Not a standard one either judging by the MTM wheels.


----------



## Tony Spears (Jul 25, 2004)

Yes this S4 is so mint i never seen a car looking so good its only done around 14k .

Better pics Updated Nogaro Blue S4 pics


----------



## Tony Spears (Jul 25, 2004)

Yes this S4 is so mint i never seen a car looking so good its only done around 14k .

Better pics Updated Nogaro Blue S4 pics


----------



## Tony Spears (Jul 25, 2004)

Yes this S4 is so mint i never seen a car looking so good its only done around 14k .

Better pics http://www.tyresmoke.net/gallery/album238


----------



## Justhe1 (Jul 2, 2002)

Its not the DTM model (unfortunately) but due to a change in jobs and jumping back into a co. car, after much debate I've ordered the 2.0T FSI Quattro S-line Special Edition (220PS) in Phantom Black..

Its no 6 cylinder engine admittedly, but for performance v CO2 emissions, 4 doors, "customer acceptance factor" & decent monthly leasing figures its a pretty good bet...

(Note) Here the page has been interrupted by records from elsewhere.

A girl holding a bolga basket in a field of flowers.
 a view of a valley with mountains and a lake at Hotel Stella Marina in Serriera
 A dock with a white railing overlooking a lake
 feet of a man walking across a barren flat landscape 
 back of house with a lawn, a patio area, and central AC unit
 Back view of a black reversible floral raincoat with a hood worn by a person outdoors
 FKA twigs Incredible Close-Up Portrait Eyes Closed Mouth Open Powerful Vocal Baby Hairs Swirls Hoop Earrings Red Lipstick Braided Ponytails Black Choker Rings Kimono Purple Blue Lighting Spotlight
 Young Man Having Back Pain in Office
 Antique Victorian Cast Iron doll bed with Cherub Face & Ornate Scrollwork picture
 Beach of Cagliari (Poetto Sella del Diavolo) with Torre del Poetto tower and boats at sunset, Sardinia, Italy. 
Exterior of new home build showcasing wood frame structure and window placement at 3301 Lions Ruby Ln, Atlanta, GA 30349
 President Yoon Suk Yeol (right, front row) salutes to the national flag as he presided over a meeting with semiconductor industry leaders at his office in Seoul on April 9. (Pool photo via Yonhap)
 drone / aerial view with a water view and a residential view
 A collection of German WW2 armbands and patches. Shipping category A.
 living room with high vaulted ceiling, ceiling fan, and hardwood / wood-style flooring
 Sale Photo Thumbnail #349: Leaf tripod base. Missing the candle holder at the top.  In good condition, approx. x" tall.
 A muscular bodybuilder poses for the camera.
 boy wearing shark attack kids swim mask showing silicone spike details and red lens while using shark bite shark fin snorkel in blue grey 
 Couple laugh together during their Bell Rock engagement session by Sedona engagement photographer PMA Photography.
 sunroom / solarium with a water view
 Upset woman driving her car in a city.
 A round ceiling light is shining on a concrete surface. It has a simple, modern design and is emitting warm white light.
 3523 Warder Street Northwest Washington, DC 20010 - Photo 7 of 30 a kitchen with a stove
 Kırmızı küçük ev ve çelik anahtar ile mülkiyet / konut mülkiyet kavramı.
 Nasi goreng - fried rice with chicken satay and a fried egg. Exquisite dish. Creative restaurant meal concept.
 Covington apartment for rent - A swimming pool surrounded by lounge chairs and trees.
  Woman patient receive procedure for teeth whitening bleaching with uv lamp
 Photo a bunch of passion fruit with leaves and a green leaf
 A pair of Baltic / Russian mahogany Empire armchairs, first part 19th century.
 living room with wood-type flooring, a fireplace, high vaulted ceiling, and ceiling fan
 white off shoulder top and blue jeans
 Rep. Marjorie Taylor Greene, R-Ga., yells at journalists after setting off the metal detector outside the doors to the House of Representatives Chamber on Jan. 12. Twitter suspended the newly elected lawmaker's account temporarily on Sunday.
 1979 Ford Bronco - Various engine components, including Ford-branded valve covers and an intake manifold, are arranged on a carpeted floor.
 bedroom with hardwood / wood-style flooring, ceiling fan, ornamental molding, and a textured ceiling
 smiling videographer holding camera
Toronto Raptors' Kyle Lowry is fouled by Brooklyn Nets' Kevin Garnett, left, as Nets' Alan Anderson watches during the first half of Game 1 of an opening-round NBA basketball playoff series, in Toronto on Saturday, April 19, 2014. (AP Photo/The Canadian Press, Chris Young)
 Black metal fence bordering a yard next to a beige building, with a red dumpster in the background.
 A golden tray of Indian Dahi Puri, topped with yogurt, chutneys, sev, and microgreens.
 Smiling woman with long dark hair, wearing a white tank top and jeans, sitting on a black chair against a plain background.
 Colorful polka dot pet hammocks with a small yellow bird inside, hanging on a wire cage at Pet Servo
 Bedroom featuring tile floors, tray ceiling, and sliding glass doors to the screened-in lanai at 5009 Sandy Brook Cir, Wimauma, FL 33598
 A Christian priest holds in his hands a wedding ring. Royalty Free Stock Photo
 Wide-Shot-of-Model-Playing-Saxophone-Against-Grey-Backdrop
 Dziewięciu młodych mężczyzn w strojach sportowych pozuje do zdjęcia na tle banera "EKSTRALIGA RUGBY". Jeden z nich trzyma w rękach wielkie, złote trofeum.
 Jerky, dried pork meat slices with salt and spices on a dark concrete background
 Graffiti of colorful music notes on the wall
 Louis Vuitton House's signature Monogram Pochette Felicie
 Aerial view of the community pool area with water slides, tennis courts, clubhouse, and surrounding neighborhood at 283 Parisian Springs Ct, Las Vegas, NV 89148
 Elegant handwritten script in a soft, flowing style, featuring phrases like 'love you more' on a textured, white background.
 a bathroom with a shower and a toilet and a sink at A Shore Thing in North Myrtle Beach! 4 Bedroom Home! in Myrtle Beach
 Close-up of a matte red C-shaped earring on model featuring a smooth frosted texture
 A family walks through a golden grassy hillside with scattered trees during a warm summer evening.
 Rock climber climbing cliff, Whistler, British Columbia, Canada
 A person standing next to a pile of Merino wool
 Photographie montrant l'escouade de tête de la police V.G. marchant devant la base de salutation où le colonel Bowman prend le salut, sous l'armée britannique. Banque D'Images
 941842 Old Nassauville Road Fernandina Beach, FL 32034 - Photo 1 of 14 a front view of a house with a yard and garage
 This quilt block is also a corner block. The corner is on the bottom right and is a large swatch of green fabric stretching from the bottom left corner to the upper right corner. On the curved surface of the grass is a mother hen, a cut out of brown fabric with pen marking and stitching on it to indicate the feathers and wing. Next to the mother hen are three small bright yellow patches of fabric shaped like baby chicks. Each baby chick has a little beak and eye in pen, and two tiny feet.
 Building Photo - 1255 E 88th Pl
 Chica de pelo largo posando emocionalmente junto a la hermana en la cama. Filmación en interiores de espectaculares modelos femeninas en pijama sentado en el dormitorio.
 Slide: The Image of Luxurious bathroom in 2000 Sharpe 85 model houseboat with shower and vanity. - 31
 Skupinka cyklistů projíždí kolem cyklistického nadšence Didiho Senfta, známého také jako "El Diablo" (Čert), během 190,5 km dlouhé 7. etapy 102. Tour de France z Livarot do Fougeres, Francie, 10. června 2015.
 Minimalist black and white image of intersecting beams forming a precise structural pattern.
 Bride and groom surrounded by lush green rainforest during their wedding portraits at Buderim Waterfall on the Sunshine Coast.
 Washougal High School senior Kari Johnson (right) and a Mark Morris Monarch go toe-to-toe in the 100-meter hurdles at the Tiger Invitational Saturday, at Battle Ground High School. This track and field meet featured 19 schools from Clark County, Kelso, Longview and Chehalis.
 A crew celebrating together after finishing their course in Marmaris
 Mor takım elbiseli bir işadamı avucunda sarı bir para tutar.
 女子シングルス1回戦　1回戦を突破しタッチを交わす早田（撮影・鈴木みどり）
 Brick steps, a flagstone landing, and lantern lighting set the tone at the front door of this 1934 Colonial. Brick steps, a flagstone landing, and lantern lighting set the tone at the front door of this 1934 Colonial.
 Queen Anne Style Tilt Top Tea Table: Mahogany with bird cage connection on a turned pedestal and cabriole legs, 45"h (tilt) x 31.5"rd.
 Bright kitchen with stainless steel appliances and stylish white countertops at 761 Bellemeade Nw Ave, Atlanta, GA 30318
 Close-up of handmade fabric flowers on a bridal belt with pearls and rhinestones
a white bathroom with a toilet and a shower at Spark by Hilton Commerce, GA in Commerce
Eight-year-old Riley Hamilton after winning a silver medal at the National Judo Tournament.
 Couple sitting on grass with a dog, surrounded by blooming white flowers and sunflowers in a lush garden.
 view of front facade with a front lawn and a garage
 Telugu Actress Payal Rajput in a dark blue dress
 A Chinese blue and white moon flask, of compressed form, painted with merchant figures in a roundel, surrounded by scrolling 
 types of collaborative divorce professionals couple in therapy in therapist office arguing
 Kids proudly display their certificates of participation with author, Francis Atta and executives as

I will certainly miss the noise of the M3 when it goes - maybe its a trip to Milltek after its remapped...

J


----------



## omen666 (Oct 10, 2004)

Apologies in advance...

I find the DTM as cynical as the TT QS

Run out cash generator









As I said, apologies


----------



## garyc (May 7, 2002)

omen666 said:


> Apologies in advance...
> 
> I find the DTM as cynical as the TT QS
> 
> ...


As was RS6 plus...


----------



## steveh (Jan 14, 2004)

omen666 said:


> Apologies in advance...
> 
> I find the DTM as cynical as the TT QS
> 
> ...


But the DTM is based on the current A4 so can't be classified as a 'run out cash generator' although I agree with you on the QS.


----------



## omen666 (Oct 10, 2004)

garyc said:


> As was RS6 plus...


Which is why I don't have one :wink:


----------



## garyc (May 7, 2002)

..even though it is 'better'? :wink:


----------



## omen666 (Oct 10, 2004)

garyc said:


> ..even though it is 'better'? :wink:


Not taking the bait, mate :wink:

PS: Oh go on a little bit....been MTM'd :wink:


----------



## garyc (May 7, 2002)

Well according to road tests, the RS6 Plus is/was the car the RS6 always should have been. :wink:


----------



## Iceman (Jul 3, 2004)

German Audi Tuner Wimmer have a 300 hp engine tuning program for the A4 DTM and Sportec wheels and Porsche brakes.










Hans.


----------